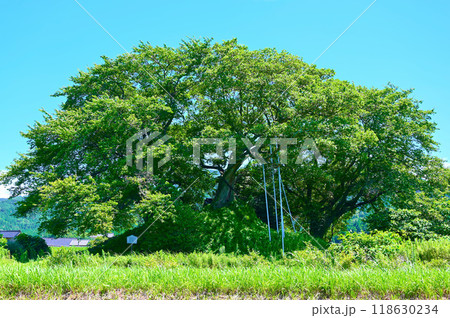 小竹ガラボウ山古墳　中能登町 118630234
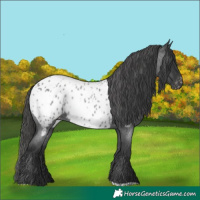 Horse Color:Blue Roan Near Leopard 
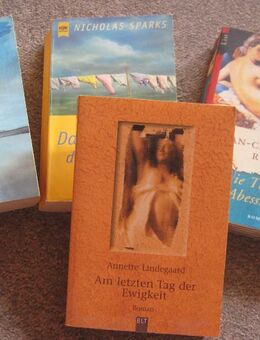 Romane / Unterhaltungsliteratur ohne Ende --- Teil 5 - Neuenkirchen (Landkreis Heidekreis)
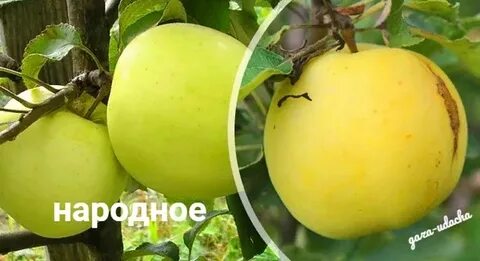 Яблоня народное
****************************************
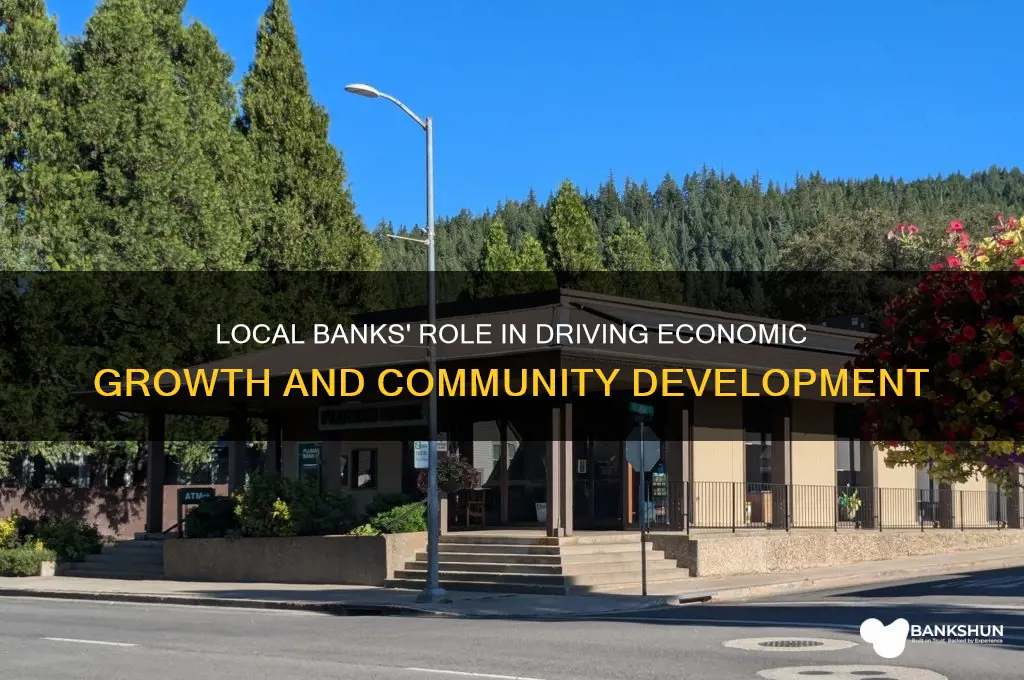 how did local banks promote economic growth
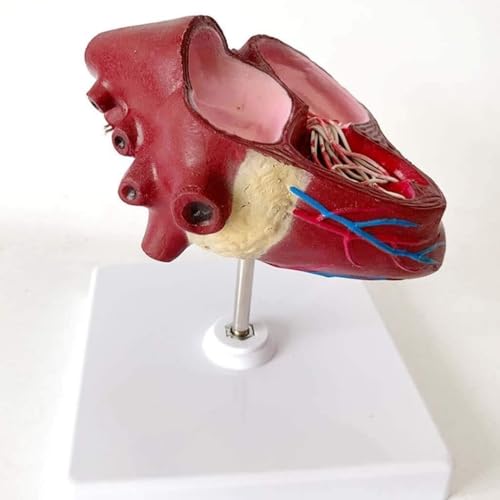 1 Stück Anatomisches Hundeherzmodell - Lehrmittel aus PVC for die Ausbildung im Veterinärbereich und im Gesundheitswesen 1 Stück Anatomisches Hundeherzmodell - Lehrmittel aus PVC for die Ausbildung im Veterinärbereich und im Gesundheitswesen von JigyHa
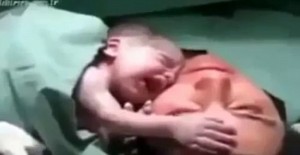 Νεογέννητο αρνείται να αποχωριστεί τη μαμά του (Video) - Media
****************************************
### Work instruction
Text only, no pictures: please print exactly the lines above from the line with "小竹ガラボウ山古墳　中能登町 118630234" up to and including the line with "Яблоня народное", and nothing else.

### Response to the task
 小竹ガラボウ山古墳　中能登町 118630234
 Horse Color:Blue Roan Near Leopard 
 Romane / Unterhaltungsliteratur ohne Ende --- Teil 5 - Neuenkirchen (Landkreis Heidekreis)
 Яблоня народное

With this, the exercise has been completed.